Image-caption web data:
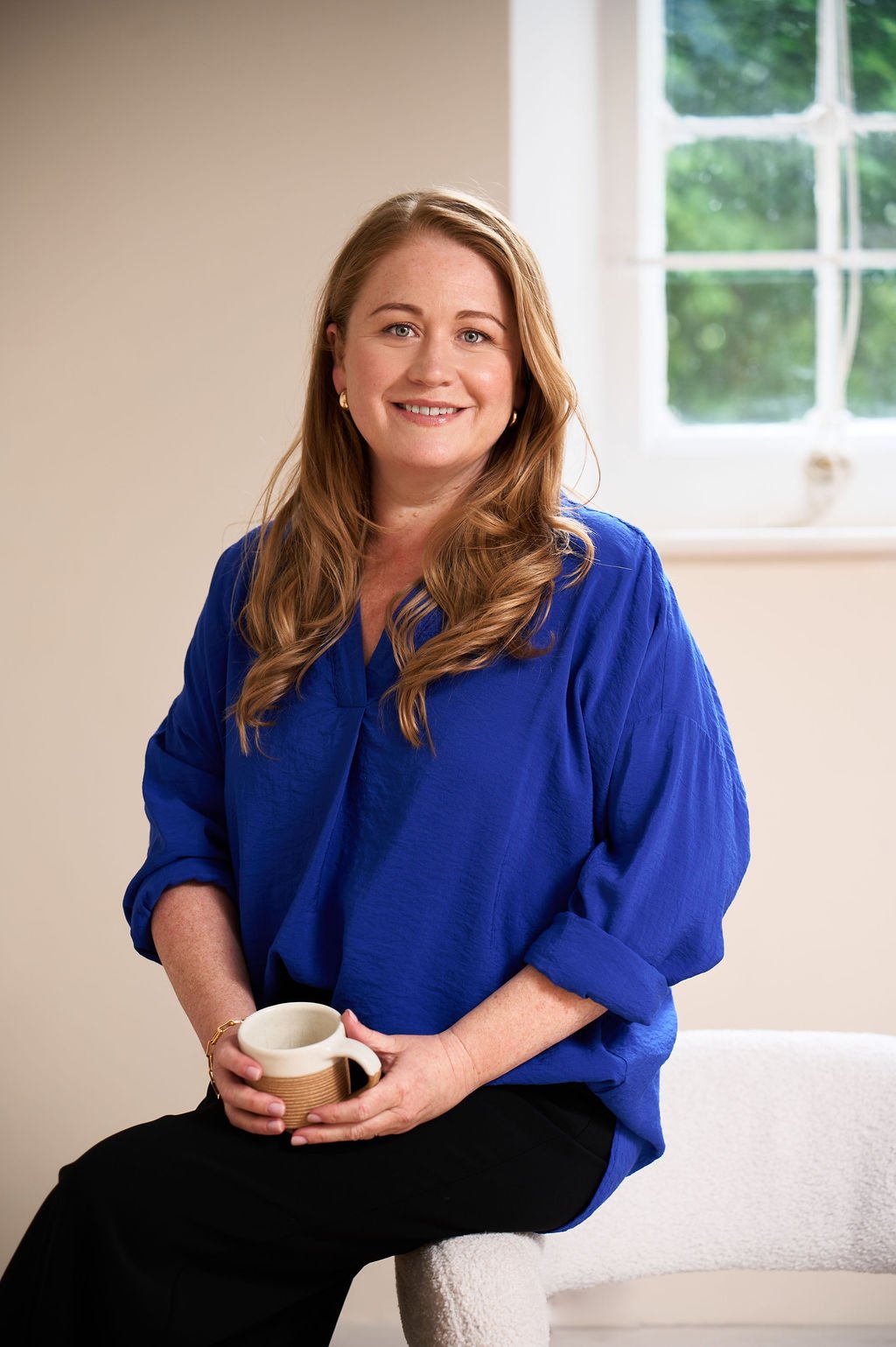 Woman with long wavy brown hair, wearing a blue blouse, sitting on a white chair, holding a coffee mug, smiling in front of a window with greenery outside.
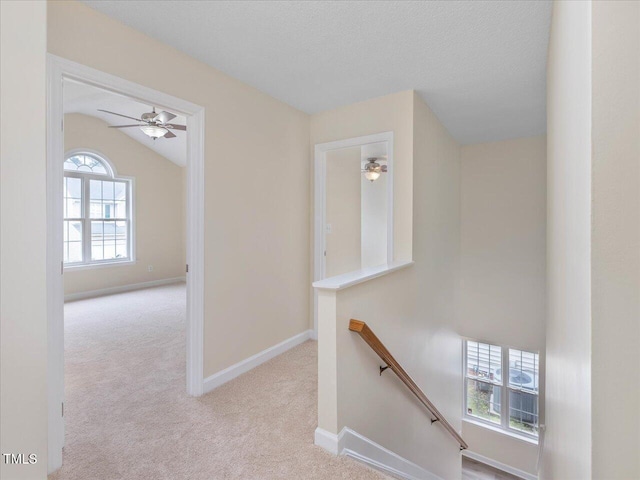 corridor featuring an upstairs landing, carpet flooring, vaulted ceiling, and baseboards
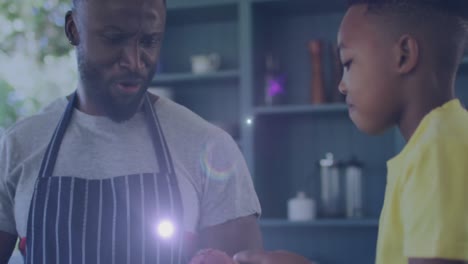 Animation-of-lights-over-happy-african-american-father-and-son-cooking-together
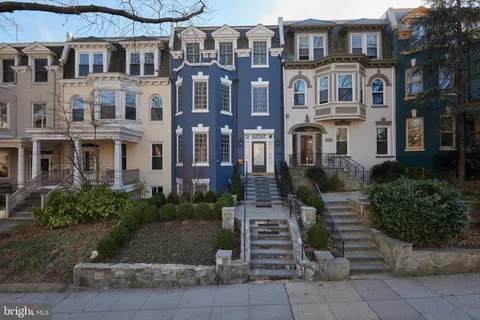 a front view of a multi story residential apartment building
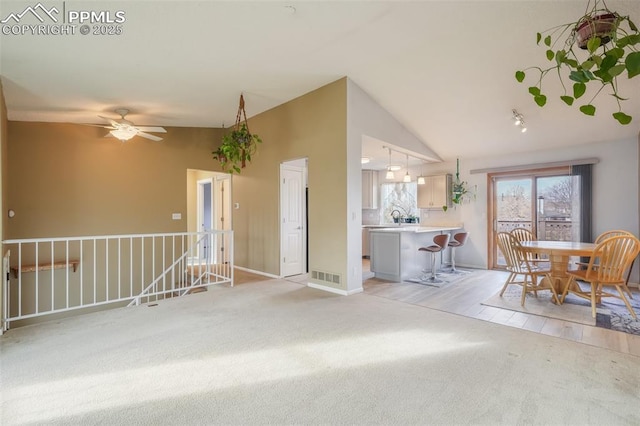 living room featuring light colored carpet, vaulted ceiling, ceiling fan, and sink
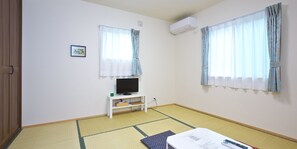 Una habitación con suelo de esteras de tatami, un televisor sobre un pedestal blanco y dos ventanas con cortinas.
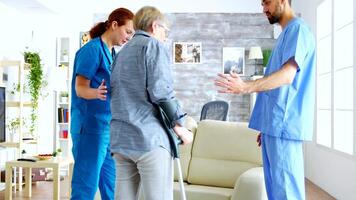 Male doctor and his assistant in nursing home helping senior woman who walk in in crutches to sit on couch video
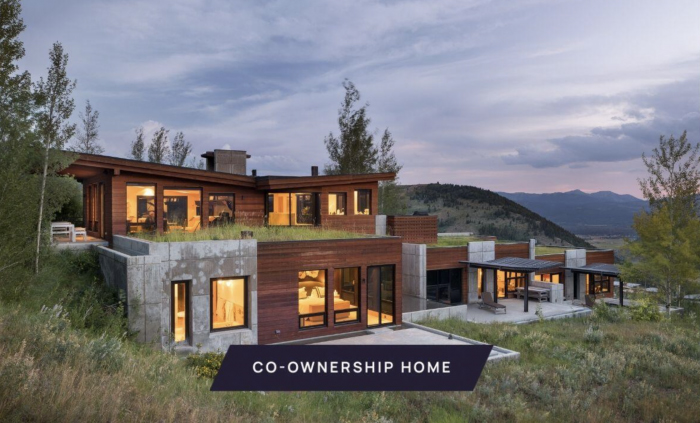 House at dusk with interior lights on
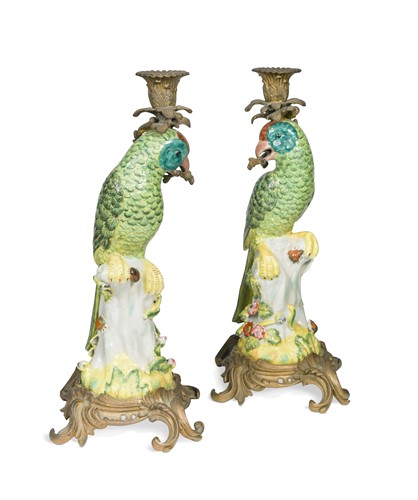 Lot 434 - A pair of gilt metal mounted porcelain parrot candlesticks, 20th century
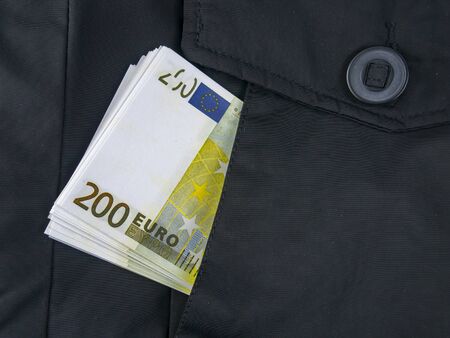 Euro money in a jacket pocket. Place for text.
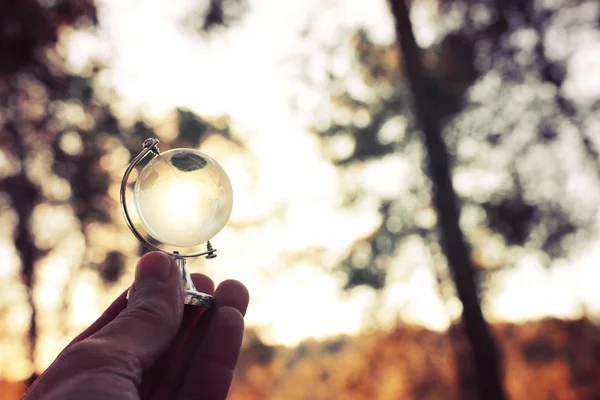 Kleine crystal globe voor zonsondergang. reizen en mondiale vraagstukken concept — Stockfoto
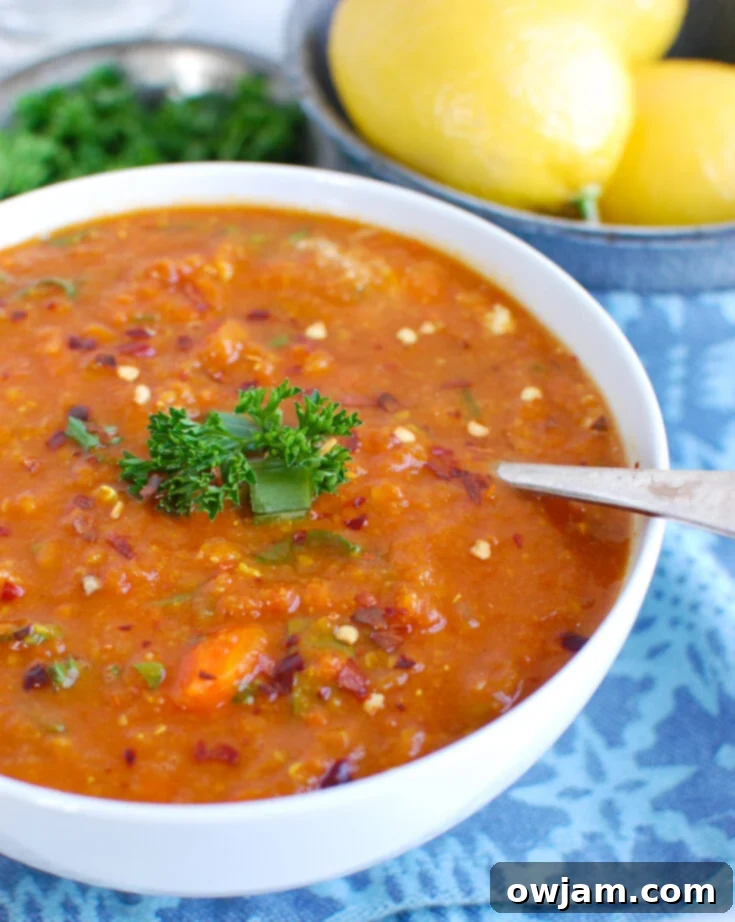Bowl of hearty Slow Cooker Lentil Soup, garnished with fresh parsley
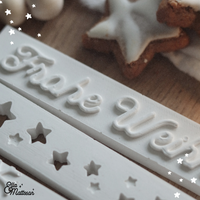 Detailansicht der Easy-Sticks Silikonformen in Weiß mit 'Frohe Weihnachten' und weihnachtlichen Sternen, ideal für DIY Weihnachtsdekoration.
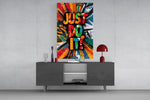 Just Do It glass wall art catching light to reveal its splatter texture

WORK ORDER:
All entries must be written out again exactly as given, with no pictures in the copy.

YOUR RESPONSE:
 Woman with long wavy brown hair, wearing a blue blouse, sitting on a white chair, holding a coffee mug, smiling in front of a window with greenery outside.
 corridor featuring an upstairs landing, carpet flooring, vaulted ceiling, and baseboards
 Animation-of-lights-over-happy-african-american-father-and-son-cooking-together
 a front view of a multi story residential apartment building
 living room featuring light colored carpet, vaulted ceiling, ceiling fan, and sink
 Una habitación con suelo de esteras de tatami, un televisor sobre un pedestal blanco y dos ventanas con cortinas.
 Male doctor and his assistant in nursing home helping senior woman who walk in in crutches to sit on couch video
 House at dusk with interior lights on
 Lot 434 - A pair of gilt metal mounted porcelain parrot candlesticks, 20th century
 Euro money in a jacket pocket. Place for text.
 Kleine crystal globe voor zonsondergang. reizen en mondiale vraagstukken concept — Stockfoto
Bowl of hearty Slow Cooker Lentil Soup, garnished with fresh parsley
 Detailansicht der Easy-Sticks Silikonformen in Weiß mit 'Frohe Weihnachten' und weihnachtlichen Sternen, ideal für DIY Weihnachtsdekoration.
 Just Do It glass wall art catching light to reveal its splatter texture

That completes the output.